**Prompt:** The lines to return are those below that contain the word "Wool".

**Given data:**

----------

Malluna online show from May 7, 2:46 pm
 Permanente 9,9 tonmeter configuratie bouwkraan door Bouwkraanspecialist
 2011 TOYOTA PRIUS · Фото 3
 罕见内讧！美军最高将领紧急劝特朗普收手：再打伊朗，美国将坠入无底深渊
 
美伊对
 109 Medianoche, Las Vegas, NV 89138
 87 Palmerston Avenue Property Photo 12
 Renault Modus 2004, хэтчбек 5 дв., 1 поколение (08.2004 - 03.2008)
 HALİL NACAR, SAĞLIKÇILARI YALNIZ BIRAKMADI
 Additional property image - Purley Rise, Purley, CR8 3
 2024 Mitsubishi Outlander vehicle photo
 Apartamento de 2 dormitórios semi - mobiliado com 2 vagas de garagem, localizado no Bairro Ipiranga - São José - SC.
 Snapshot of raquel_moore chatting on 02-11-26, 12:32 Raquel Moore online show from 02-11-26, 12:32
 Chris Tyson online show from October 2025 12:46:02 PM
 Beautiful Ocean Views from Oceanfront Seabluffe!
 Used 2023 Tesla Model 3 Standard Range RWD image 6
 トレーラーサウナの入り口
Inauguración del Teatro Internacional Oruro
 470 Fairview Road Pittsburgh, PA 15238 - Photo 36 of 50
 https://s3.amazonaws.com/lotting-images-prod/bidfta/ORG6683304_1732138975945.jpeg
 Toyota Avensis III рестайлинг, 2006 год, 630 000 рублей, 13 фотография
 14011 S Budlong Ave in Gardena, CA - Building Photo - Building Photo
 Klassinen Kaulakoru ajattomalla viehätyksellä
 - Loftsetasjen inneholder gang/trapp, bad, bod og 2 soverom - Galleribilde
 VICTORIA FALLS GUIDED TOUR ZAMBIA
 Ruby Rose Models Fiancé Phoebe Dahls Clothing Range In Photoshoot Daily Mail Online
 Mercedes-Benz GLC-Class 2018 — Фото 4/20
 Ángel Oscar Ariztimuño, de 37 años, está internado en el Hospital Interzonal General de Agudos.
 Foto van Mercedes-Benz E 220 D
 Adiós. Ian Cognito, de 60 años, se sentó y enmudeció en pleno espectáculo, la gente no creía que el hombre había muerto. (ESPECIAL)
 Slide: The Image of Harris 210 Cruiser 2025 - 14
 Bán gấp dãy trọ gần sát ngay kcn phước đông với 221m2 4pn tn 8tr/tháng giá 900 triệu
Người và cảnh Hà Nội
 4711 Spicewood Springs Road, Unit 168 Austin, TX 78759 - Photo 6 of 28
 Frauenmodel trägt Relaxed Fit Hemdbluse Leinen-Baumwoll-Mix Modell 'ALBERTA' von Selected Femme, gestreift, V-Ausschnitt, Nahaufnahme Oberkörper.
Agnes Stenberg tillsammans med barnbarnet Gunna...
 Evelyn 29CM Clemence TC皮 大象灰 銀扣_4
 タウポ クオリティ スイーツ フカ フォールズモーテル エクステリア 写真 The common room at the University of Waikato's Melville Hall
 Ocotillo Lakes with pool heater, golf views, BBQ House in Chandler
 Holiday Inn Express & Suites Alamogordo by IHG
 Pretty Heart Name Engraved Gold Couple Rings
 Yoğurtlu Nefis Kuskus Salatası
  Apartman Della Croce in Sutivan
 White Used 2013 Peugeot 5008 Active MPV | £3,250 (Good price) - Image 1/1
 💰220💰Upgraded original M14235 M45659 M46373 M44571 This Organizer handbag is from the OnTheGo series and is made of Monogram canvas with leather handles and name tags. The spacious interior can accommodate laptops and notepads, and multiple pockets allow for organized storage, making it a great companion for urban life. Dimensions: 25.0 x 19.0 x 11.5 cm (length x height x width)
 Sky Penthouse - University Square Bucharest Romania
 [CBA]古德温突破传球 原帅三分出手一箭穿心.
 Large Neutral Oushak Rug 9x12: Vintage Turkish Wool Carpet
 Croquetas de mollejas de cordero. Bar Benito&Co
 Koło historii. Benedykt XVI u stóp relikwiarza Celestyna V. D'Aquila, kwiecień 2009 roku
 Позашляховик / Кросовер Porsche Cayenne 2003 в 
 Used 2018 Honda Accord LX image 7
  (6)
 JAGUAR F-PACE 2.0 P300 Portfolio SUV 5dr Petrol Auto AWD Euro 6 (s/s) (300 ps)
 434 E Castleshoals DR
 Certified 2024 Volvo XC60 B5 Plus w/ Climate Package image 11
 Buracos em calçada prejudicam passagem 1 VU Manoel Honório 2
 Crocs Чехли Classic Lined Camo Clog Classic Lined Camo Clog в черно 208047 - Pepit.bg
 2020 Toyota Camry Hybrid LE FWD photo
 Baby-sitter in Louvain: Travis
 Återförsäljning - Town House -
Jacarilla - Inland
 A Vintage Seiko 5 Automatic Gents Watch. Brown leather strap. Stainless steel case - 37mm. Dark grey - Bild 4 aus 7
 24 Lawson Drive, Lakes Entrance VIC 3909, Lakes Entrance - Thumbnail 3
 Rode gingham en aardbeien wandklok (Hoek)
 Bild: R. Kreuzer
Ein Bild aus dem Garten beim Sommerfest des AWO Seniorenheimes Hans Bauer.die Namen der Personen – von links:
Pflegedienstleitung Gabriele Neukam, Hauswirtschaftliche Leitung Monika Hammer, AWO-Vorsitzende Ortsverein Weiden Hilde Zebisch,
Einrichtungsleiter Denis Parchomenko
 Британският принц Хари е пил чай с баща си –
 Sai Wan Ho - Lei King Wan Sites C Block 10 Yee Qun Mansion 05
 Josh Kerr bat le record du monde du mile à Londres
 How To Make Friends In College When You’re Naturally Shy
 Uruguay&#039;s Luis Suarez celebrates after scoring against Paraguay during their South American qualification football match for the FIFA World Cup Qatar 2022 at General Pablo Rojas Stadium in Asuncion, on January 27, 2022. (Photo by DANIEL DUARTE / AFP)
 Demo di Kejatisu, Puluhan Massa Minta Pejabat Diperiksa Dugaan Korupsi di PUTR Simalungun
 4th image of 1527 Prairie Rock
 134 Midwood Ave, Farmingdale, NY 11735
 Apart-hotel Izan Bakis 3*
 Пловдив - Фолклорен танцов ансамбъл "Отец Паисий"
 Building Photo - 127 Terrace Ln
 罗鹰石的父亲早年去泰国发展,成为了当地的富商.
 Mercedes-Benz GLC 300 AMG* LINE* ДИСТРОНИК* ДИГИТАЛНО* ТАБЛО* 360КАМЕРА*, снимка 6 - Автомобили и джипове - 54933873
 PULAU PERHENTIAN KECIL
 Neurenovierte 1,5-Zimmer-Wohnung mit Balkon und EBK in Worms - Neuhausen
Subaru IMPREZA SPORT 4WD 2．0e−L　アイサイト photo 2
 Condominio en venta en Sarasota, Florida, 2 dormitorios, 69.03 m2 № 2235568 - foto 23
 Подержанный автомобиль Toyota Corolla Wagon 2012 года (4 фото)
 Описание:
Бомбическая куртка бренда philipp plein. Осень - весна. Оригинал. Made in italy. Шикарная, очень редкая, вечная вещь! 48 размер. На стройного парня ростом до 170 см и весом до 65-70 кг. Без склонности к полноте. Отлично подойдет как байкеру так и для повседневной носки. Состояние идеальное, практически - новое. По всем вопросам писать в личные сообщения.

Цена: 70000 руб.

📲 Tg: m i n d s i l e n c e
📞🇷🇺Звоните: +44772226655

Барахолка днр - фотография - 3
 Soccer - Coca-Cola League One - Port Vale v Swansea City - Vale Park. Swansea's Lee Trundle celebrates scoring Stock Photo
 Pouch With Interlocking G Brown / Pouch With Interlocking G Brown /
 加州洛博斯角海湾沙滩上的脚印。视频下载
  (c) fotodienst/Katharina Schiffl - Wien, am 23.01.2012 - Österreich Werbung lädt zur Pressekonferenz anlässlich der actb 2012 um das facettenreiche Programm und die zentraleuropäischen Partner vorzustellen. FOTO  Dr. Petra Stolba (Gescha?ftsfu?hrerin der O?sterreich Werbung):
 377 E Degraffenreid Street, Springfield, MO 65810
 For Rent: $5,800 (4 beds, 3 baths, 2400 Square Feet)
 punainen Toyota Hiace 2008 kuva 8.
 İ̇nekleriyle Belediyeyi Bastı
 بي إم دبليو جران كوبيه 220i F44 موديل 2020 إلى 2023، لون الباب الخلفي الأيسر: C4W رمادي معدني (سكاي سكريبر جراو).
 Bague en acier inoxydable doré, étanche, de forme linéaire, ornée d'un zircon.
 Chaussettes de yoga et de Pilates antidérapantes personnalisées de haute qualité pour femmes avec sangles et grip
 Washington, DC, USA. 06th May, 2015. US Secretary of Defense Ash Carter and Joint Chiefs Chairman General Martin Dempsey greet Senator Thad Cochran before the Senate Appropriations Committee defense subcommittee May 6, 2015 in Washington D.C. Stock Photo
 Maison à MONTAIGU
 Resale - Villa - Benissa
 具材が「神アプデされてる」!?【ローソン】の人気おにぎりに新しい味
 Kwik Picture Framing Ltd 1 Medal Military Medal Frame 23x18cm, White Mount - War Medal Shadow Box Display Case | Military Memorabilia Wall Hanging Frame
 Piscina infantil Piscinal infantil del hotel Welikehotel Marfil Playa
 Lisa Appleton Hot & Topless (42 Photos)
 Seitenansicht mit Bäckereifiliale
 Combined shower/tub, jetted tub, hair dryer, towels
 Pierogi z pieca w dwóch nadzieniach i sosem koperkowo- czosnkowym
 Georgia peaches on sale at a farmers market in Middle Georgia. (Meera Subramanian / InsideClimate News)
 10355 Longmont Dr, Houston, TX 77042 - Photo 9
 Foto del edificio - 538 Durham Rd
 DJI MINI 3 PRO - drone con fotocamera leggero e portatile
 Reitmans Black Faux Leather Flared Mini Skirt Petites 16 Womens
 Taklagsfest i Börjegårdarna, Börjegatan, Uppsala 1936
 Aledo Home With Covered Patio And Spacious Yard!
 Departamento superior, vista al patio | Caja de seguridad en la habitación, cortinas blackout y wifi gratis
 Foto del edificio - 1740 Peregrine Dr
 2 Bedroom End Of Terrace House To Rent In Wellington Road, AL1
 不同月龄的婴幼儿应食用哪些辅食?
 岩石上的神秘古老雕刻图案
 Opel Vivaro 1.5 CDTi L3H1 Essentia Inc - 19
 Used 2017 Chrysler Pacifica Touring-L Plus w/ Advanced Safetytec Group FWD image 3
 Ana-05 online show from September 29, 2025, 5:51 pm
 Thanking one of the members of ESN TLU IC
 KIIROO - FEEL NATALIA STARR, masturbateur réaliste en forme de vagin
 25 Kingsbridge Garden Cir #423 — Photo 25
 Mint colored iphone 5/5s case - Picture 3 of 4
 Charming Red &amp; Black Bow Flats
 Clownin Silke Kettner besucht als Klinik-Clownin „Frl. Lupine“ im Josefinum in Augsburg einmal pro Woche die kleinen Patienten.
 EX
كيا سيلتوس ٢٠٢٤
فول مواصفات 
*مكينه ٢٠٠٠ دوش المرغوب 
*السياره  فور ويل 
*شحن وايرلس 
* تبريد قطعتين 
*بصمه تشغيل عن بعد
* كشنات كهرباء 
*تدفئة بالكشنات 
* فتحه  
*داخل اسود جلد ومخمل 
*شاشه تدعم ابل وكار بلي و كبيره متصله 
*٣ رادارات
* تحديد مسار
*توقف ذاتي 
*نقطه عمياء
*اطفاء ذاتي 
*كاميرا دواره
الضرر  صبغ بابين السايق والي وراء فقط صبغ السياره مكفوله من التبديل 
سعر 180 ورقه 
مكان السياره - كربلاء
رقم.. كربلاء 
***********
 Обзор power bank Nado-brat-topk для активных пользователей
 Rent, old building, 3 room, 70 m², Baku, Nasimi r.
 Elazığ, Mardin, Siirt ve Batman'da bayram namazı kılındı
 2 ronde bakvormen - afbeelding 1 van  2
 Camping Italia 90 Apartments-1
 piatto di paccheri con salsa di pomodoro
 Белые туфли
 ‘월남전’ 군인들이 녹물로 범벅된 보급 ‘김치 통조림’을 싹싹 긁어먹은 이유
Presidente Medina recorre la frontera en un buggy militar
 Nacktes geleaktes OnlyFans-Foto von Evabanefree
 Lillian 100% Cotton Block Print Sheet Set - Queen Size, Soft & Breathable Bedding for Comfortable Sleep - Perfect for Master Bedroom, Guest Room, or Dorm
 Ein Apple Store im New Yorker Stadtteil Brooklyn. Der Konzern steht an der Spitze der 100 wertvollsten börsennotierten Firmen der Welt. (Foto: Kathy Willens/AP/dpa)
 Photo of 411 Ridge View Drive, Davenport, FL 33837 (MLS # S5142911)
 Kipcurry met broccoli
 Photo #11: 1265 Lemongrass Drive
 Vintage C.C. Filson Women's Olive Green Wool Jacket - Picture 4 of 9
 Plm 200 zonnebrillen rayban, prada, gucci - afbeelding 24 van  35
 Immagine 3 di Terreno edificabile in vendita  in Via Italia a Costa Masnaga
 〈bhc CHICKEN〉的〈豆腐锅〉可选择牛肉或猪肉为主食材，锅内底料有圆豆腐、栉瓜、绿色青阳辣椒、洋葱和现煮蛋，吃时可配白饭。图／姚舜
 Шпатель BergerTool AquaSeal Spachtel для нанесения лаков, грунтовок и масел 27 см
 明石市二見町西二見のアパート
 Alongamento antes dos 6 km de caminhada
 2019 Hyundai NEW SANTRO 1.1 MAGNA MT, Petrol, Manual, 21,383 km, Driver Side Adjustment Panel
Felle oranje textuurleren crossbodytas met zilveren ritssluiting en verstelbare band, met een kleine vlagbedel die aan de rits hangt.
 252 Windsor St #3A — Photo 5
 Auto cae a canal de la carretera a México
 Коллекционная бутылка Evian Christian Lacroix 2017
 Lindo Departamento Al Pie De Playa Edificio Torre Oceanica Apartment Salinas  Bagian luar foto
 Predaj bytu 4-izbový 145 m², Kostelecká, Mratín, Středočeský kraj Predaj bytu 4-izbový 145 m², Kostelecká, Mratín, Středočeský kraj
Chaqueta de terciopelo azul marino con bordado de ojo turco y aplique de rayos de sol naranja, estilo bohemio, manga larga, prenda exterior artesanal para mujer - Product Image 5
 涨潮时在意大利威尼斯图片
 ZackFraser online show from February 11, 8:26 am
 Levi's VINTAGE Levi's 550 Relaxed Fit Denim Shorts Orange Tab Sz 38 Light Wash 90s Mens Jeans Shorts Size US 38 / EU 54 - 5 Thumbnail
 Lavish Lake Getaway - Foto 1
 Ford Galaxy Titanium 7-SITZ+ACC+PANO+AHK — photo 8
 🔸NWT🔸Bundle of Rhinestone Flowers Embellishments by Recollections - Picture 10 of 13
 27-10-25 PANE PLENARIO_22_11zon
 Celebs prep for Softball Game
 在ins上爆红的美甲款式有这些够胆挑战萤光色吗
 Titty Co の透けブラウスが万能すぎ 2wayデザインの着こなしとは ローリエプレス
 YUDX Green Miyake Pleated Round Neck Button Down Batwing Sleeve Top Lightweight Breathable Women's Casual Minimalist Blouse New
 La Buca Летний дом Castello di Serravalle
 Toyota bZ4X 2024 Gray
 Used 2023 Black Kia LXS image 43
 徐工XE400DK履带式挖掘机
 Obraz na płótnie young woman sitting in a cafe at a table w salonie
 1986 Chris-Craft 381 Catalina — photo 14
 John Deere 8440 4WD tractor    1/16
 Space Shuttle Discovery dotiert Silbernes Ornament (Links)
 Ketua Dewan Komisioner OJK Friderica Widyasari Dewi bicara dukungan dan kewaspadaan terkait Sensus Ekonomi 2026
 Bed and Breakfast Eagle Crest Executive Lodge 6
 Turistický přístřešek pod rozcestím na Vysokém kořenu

----------

**Result:**
 Large Neutral Oushak Rug 9x12: Vintage Turkish Wool Carpet
 Vintage C.C. Filson Women's Olive Green Wool Jacket - Picture 4 of 9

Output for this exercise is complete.